Edited at

[Review] Decision Tree

More than 1 year has passed since last update.





Decision Tree Learning is a non-parametric supervised learning method used for classification and regression.

The goal is to create a model that predicts the value of a target variable by learning simple decision rules inferred from the data features.

What is a Decision Tree?

Decision Tree is a simple representation for classifying examples. Assuming that all of the input features have finite discrete domains, and there is a single target feature called the classification. Each element of the domain of the classification is called a class. In fact, a decision tree or a classification tree is a tree in which each internal node is labelled with an input feature. The arcs coming from a node labelled with an input feature are labelled with each of the possible values of the target or output feature or the arc leads to a subordinate decision node on a different input feature. Each leaf of the tree is labelled with a class or a probability distribution over the classes.

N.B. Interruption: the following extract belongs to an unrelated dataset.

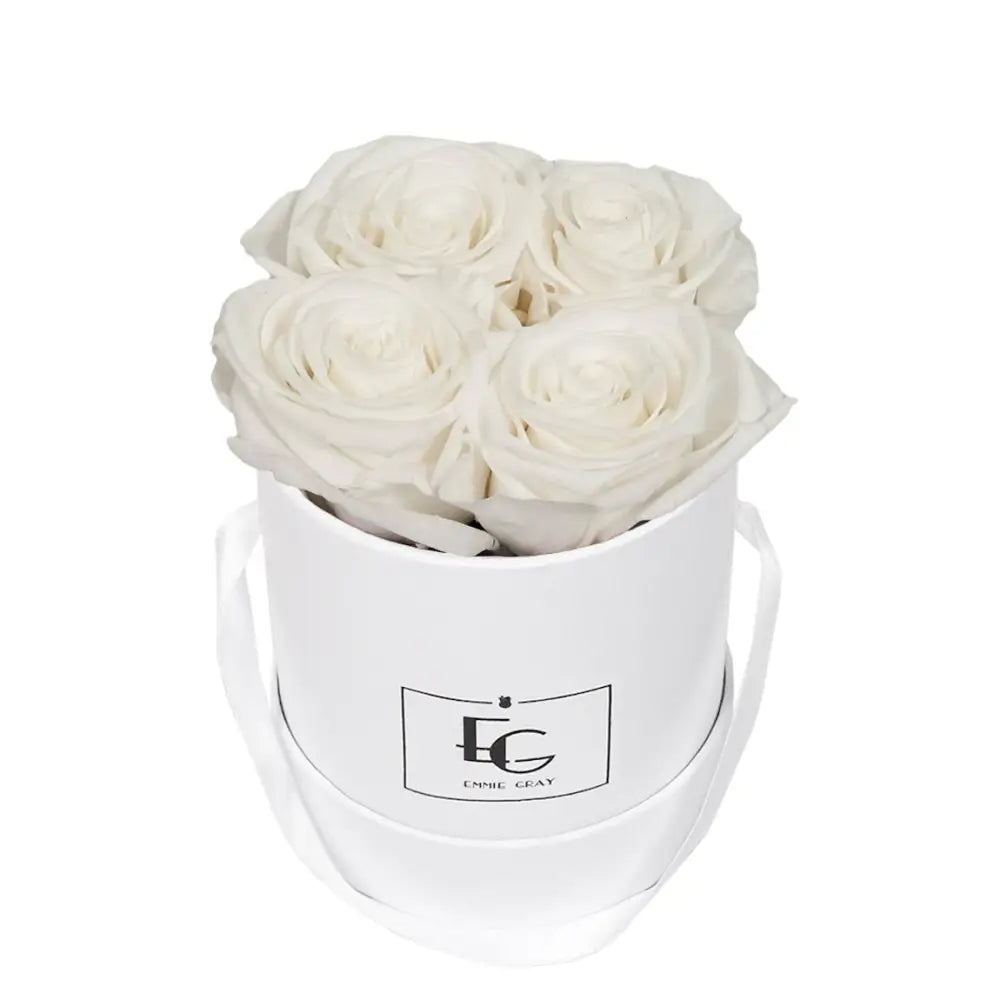 Classic Infinity Round Rosebox XS – Preserved Roses Up to 3 Years – Rose Box Pure White by Flor de Oro | Customizable Luxury Jewelry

Also, a tree can be learned by splitting the source set into subsets based on an attribute value test following some criteria. This process is repeated on each derived subset in a recursive manner called recursive partitioning. The recursion is completed when the quality of the subset satisfies some conditions explained later.

For instance, at a node has all the same value of the target variable, or when splitting no longer adds value to the predictions. This process of top-down induction of decision trees is an example of a greedy algorithm.

Decision Tree Types

DT used in two categories.

  1. Classification Tree: when the predicted outcome is the class to which the data belongs

  2. Regression Tree: when the predicted outcome can be considered a real number

  3. Boosted Tree: Incrementally building an ensemble by training each new instance to emphasize the training instances previously mismodelled. A typical example is AdaBoost.

  4. Bootstrap Aggregated: an early ensemble method, builds multiple DT by repeatedly resampling training data with replacement, and voting the trees for a consensus prediction e.g., Random Forest.

The term Classification And Regression Tree(CART) is quite popular.


  1. Gini Impurity

  2. Entropy

  3. Information Gain

Nice Meterial :



Algorithms for constructing decision trees usually work top-down a variable at each step that best splits the set of items. Different algorithms use different metrics for measuring "best". These generally measure the homogeneity of the target within the subsets. some examples are given above.

1. Gini Impurity

Used by the CART algorithm for classification trees, Gini impurity is a measure of how often a randomly chosen element from the set would be incorrectly labelled if it was randomly labelled according to the distribution of labels in the subset. The Gini impurity can be computed by summing the probability $p_i$ of an item with label $i$ being chosen times the probability $\sum_{k\neq i}p_k = 1 - p_i$ of a mistake in categorising that item. It reaches its minimum when all cases in the node fall into a single target category.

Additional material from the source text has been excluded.